Soweit der Angeklagte aber eine Unrichtigkeit der Rechtsbelehrung (Z 8) daraus ableiten will, daß diese die Kriterien des unbeendeten (Raub-) Versuchs, die Abgrenzung zwischen beendetem und unbeendetem Versuch sowie den Strafaufhebungsgrund des Rücktritts vom Versuch unerörtert lasse, genügt der Hinweis, daß sich die Rechtsbelehrung gemäß § 321 Abs 2 StPO nur auf die tatsächlich gestellten Fragen zu erstrecken hatte (Mayerhofer/Rieder, StPO 2 , ENr. 16 zu § 345 Z 8). Die Nichtigkeitsbeschwerde war daher zu verwerfen.

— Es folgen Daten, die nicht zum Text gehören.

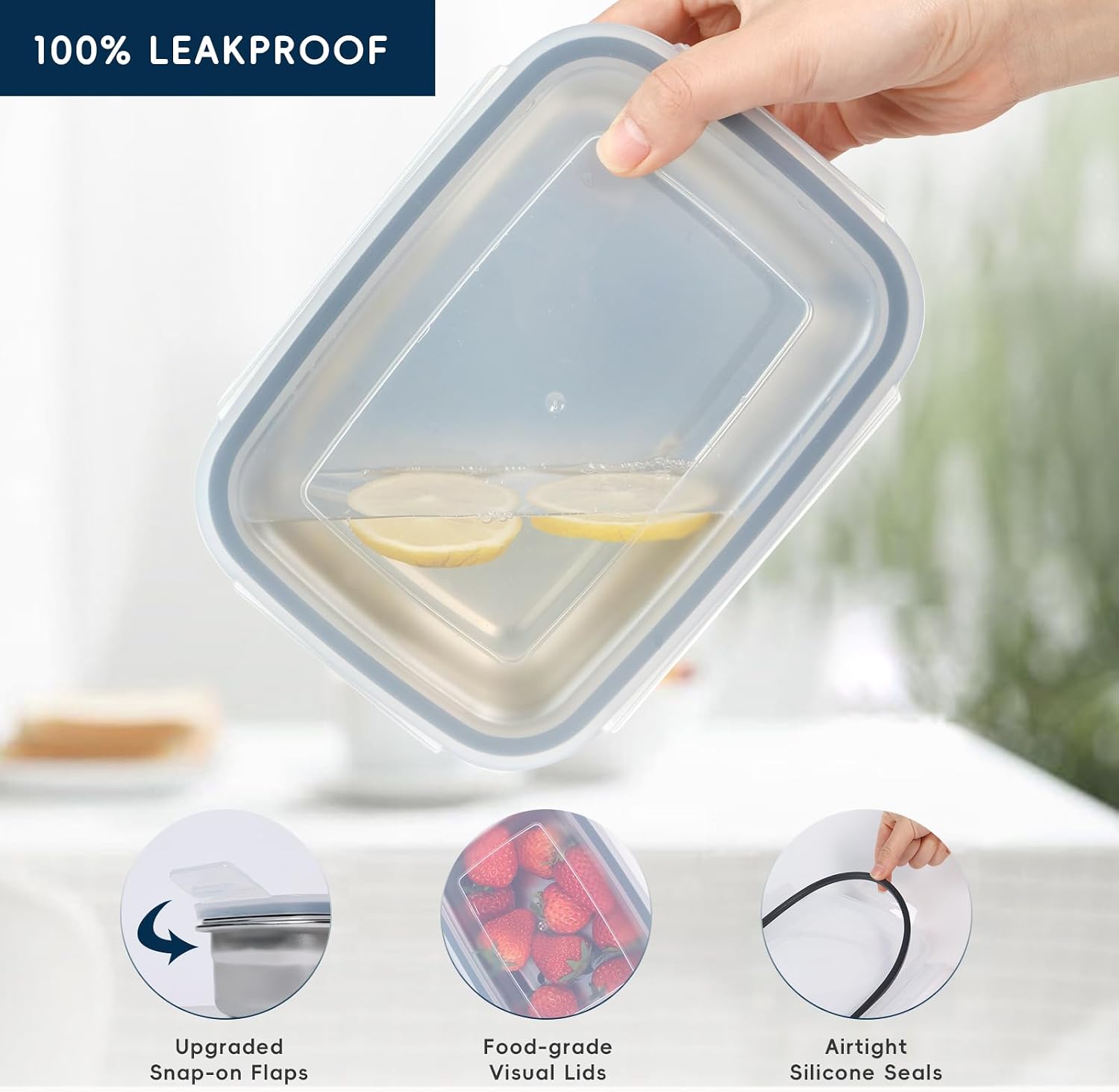 10PCS 304 Stainless Steel Food - đánh giá và giá Meal Prep Oven Safe Containers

Das Geschwornengericht verurteilte den Angeklagten wegen dieses schweren Raubes nach §§ 142 Abs 1, 143 zweiter Fall StGB (Punkt 1 des Urteilssatzes) sowie der (ihm auf Grund des insoweit unbekämpft gebliebenen Schuldspruchs weiters zur Last liegenden) Verbrechen der versuchten schweren Nötigung nach §§ 15, 105 Abs 1, 106 Abs 1 Z 1 StGB (Punkt 3) und des Zwanges zur Unzucht nach § 203 Abs 1 StGB (Punkt 2), ferner der Vergehen des Diebstahls nach § 127 Abs 1 StGB (Punkt 7), des versuchten unbefugten Gebrauches von Fahrzeugen nach §§ 15, 136 Abs 1 StGB (Punkt 4), des Betruges nach § 146 StGB (Punkt 5) und der Urkundenunterdrückung nach § 229 Abs 1 StGB (Punkt 6) nach §§ 28, 143 erster Strafsatz StGB zu einer Freiheitsstrafe in der Dauer von acht Jahren.

Bei der Strafbemessung wertete es das Zusammentreffen von drei Verbrechen und vier Vergehen, die dem schweren Raub vorangegangene reifliche Überlegung und sorgfältige Vorbereitung der Tat, die Intensität und lange Dauer der Unzuchtshandlungen, die aus dem Zwang zur Unzucht entstandene Gesundheitsschädigung (Schockzustand, Infektion der Scheide), die Begehung der (versuchten) schweren Nötigung gegenüber zwei Personen, die auf der gleichen schädlichen Neigung beruhenden Vorstrafen und die Begehung der Straftaten während eines gegen den Angeklagten beim Landesgericht Innsbruck anhängigen (weiteren) Strafverfahrens, in welchem ihm erst rund einen Monat vorher die Anklageschrift zugestellt worden war, als erschwerend, während es das reumütige Geständnis, die Begehung der Straftaten vor Vollendung des 21. Lebensjahres, die Verwahrlosung des Angeklagten und dessen psychopathische Veranlagung, den Umstand, daß es bei der schweren Nötigung und beim unbefugten Fahrzeuggebrauch beim Versuch blieb sowie die teilweise Schadensgutmachung durch Zahlung des Betrages von 500 S an Helga K*** und Sicherstellung des Diebsgutes (Schreckschußpistole), als mildernd berücksichtigte.

Mit den Berufungen strebt der Angeklagte eine Herabsetzung der über ihn verhängten Freiheitsstrafe an, während die Staatsanwaltschaft deren Erhöhung begehrt.

Beiden Berufungen kommt keine Berechtigung zu.

Das Erstgericht hat die Strafzumessungsgründe im wesentlichen vollständig festgestellt und auch zutreffend gewürdigt. Unbeachtet gebliebene (sei es zu Gunsten oder zu Ungunsten des Angeklagten sprechende) Umstände von solchem Gewicht, daß sie eine Änderung des Strafmaßes (nach oben oder unten) rechtfertigen könnten, vermag nach Auffassung des Obersten Gerichtshofes im Ergebnis keiner der beiden Rechtsmittelwerber aufzuzeigen.

Bei sachgerechtem Abwägen der vorliegenden Strafzumessungsgründe zeigt sich sohin, daß die vom Erstgericht ausgesprochene Freiheitsstrafe in der Dauer von acht Jahren - zumal unter Bedacht darauf, daß der Angeklagte das Strafübel des Freiheitsentzuges bisher noch nicht zu verspüren bekommen hat - nach seiner tat- und persönlichkeitsbezogenen Schuld (§ 32 StGB) nicht zu gering, aber auch keineswegs zu hoch ausgemessen wurde.

Den Berufungen mußte daher gleichfalls ein Erfolg versagt bleiben.

Die Kostenentscheidung fußt auf der bezogenen Gesetzesstelle.